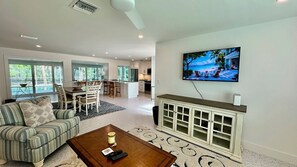 Ein geräumiges Wohnzimmer mit einem großen, an der Wand montierten Fernseher, einem Essbereich mit Tisch und Stühlen und einer gemütlichen Sitzecke mit Sofa und Couchtisch.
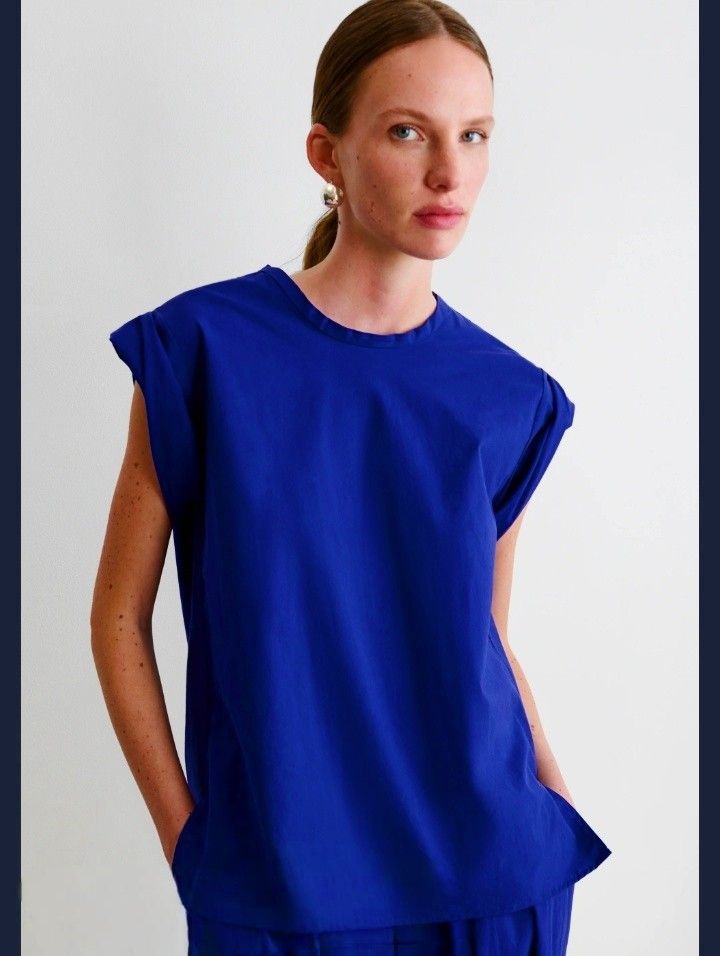 Royal blue tops (Category: Blouses) located in Cabanatuan. Submitted by miss.maia (Listing ID 1462423088, Image 1). Description: This royal blue short-sleeve top from the brand Sybaris features a clean, boat-neck collar design with extended shoulder/cap sleeves. It provides a simple, modern look perfect for both casual everyday wear and business-casual layering..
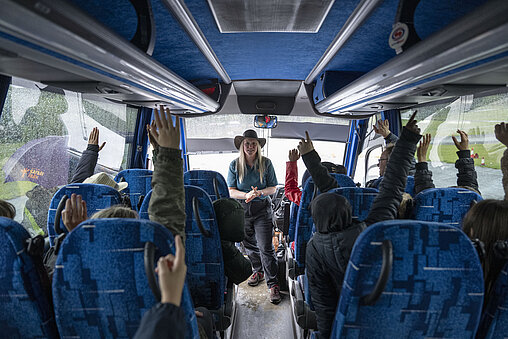 Safari ranger speaking to guests on a coach at West Midlands Safari Park, explaining the wildlife experience and educating them about the animals
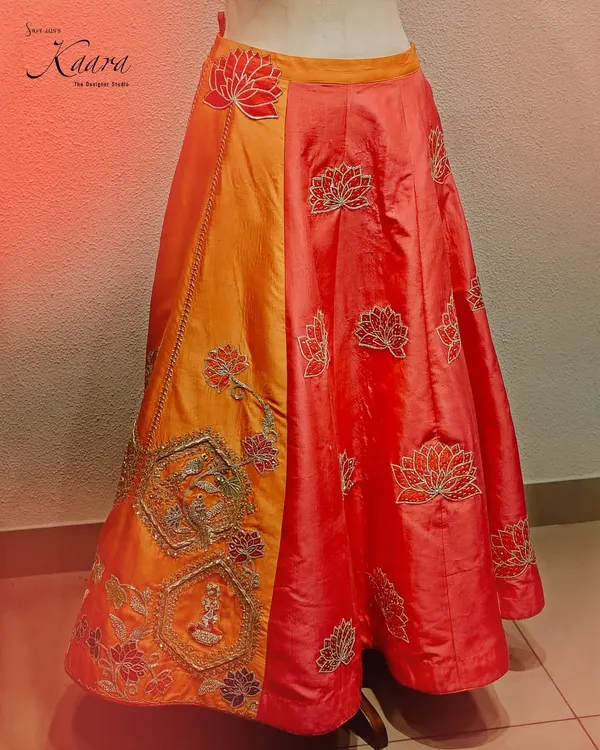 A celebration of vibrant color and traditional motifs. This lehenga features a rich orange panel with intricate zardosi work depicting a wedding scene, contrasted with a red panel adorned with delicate lotus embroidery.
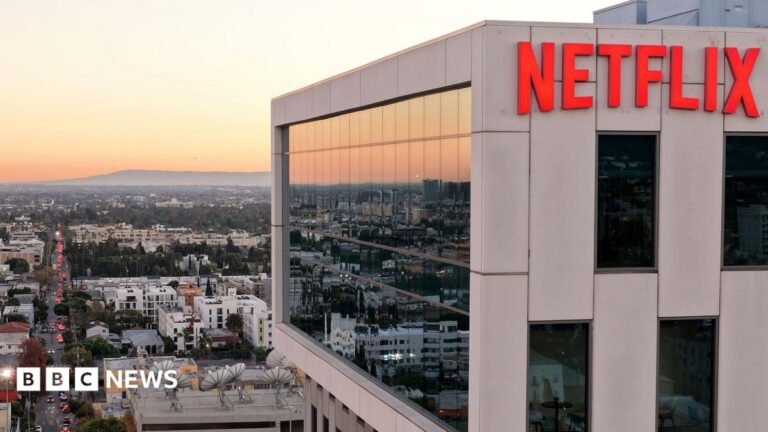 Netflix to lay off 1,000 staff in steepest cuts since 2022 MI5 chief Sir Ken McCallum has short dark hair, dark glasses and is wearing a dark suit with a green tie.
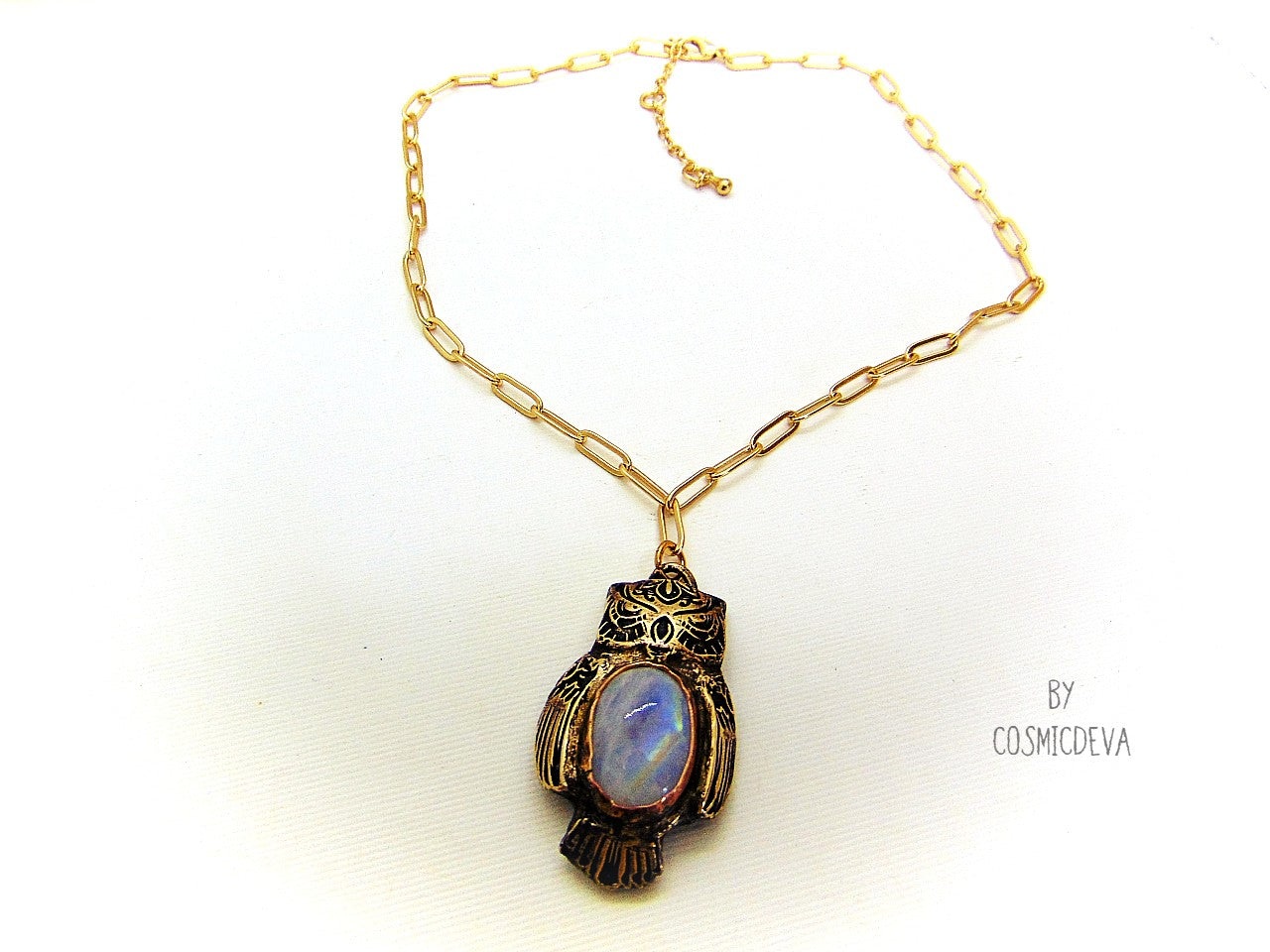 Cute one of a kind complete handcrafted and kiln fired gold bronze spirit animal owl with gorgeous rainbow moonstone bezel setting in the center. The backside of the pendant is also a owl and carries the cosmicdeva logo.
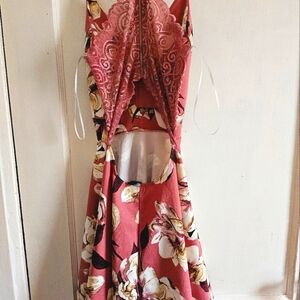 A mini dress. It runs in small. The colors are pink,beige white.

::::

Directions: Every entry above needs to be copied exactly, and no pictures go with it.

Exercise response:
 Ein geräumiges Wohnzimmer mit einem großen, an der Wand montierten Fernseher, einem Essbereich mit Tisch und Stühlen und einer gemütlichen Sitzecke mit Sofa und Couchtisch.
 Royal blue tops (Category: Blouses) located in Cabanatuan. Submitted by miss.maia (Listing ID 1462423088, Image 1). Description: This royal blue short-sleeve top from the brand Sybaris features a clean, boat-neck collar design with extended shoulder/cap sleeves. It provides a simple, modern look perfect for both casual everyday wear and business-casual layering..
 Safari ranger speaking to guests on a coach at West Midlands Safari Park, explaining the wildlife experience and educating them about the animals
 A celebration of vibrant color and traditional motifs. This lehenga features a rich orange panel with intricate zardosi work depicting a wedding scene, contrasted with a red panel adorned with delicate lotus embroidery.
 Netflix to lay off 1,000 staff in steepest cuts since 2022 MI5 chief Sir Ken McCallum has short dark hair, dark glasses and is wearing a dark suit with a green tie.
 Cute one of a kind complete handcrafted and kiln fired gold bronze spirit animal owl with gorgeous rainbow moonstone bezel setting in the center. The backside of the pendant is also a owl and carries the cosmicdeva logo.
 A mini dress. It runs in small. The colors are pink,beige white.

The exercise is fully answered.